Switzerland’s Financial Market Supervisory Authority (FINMA) has targeted unlicensed providers of fake crypto currency “E-Coin”.
In an announcement, out today, the Swiss regulator said it had closed the unauthorised providers, who had accepted several million Swiss francs in public deposits without holding the required banking licence. FINMA has also launched bankruptcy proceedings against the legal entities involved.
According to the regulatory findings, at least since 2016, the QUID PRO QUO Association has been issuing E-Coins, a crypto currency developed by the association itself. In collaboration with DIGITAL TRADING AG and Marcelco Group AG, the association provided interested parties with access to an online platform on which E-Coins could be traded and transferred. These three entities accepted funds amounting to at least four million Swiss francs from several hundred users and operated virtual accounts for them in both legal tender and E-Coins.

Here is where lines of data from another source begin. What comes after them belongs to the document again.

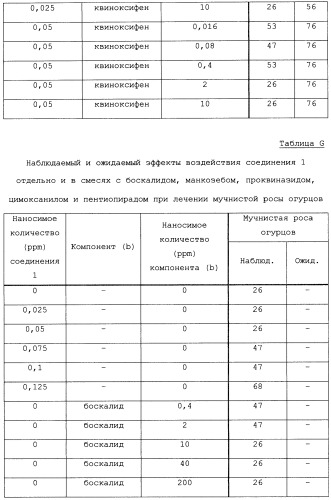 Фунгицидные смеси (патент 2478287)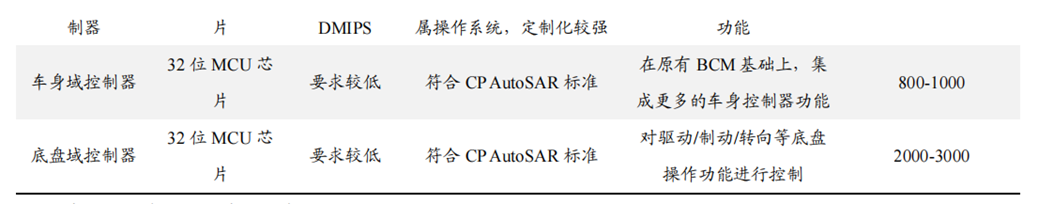 Evolution of Vehicle Controller Development Trends in New Electronic Architecture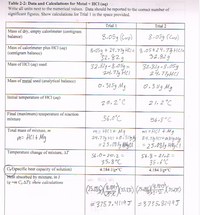 Table 2-2: Data and Calculations for Metal + HCI (aq)
Write all units next to the numerical values. Data should be reported to the correct number of
significant figures. Show calculations for Trial 1 in the space provided.
Trial 1,
Trial 2
Mass of dry, empty calorimeter (centigram
balance)
8.059 (Cup)
8.059 (Cup)
Mass of calorimeter plus HCI (aq)
8.05g + 24.77g HC| = 8.05+24.73 HCI=
32.829
32.82g-8.059=
24.77g Hel
|(centigram balance)
32.829
Mass of HCl (aq) used
32.829-8.05g
24.779HCI
Mass of metal used (analytical balance)
0.3159 Mg
0,31lg Mg
Initial temperature of HCl (aq)
20,2°C
2 1. 2°C
Final (maximum) temperature of reaction
mixture
56,0°C
56.8°C
Total mass of mixture, m
m= HCI+ Mg
24.779 HCI +0.315g My
= 25,08 5g HMg CI
m=HCI + Mg
24.7 HCI+a31gMg
. = 25.0819 HNGČÍ
m= HCl+ Mg
%3D
| Temperature change of mixture, AT
56.0 – 20,2=
35.8°C
56.8-21,2 =
35.6°C
4.184 J/g•°C
Cspecific heat capacity of solution)
rieat absorbed by mixture, in J
(q =m C, AT): show calculations
4.184 J/g•°C
4.1845
(35.692)
=375 7,4119 J=3735,8249J
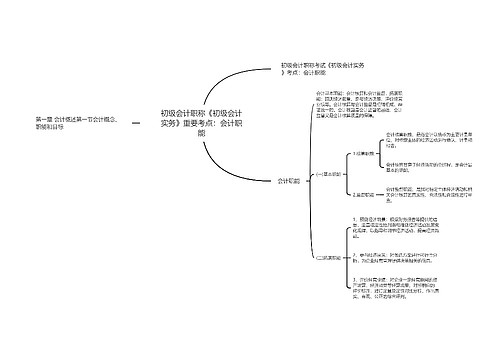 初级会计职称《初级会计实务》重要考点：会计职能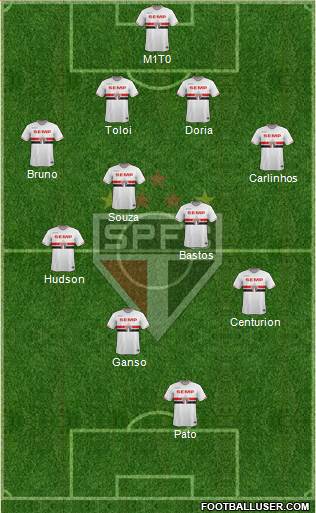 São Paulo FC Formation 2015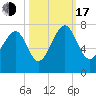 Lobeco tide chart for Monday, October 17, 2022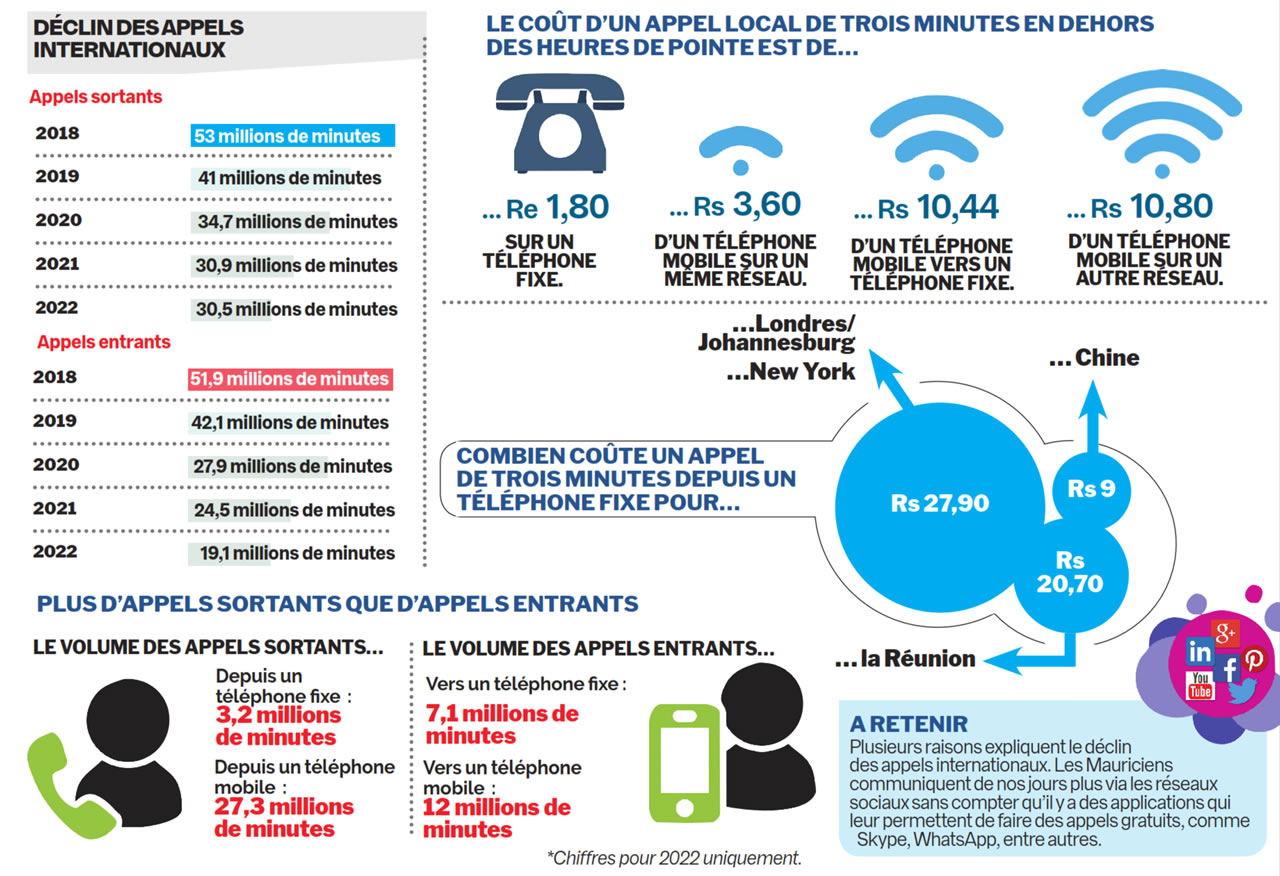 appels internationaux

FINMA notes that these activities are similar to the deposit-taking business of a bank and are illegal unless the company in question holds the necessary licence.
FINMA has launched enforcement proceedings against those involved. In its proceedings, FINMA found that the three legal entities had violated supervisory law by failing to obtain the required authorisation. The regulator has liquidated the association and the two companies. Since the three legal entities are insolvent, FINMA has also launched bankruptcy liquidation proceedings against them.
The regulator has been able to seize and block assets to the value of approximately two million Swiss francs.
In its announcement, FINMA explains that E-Coins were completely under the providers’ control and stored locally on its servers. The providers had claimed that E-Coins would be 80% backed by tangible assets, but the actual percentage was markedly lower. In addition, substantial tranches of E-Coins were issued without sufficient asset backing, leading to a progressive dilution of the E-Coin system to the detriment of investors.
FINMA stresses that it welcomes innovation, but when innovative business models are misused for unauthorised activities, it will intervene.
The regulator said it was conducting 11 investigations into other presumably unauthorised business models relating to such coins.
The action by the Swiss regulator happens amid a large-scale wave of regulatory warnings against crypto currencies and initial coin offerings, in particular. Regulators from the United States, the United Kingdom, the Netherlands, Russia, Hong Kong, Singapore, and China, have been among those to raise their concerns recently.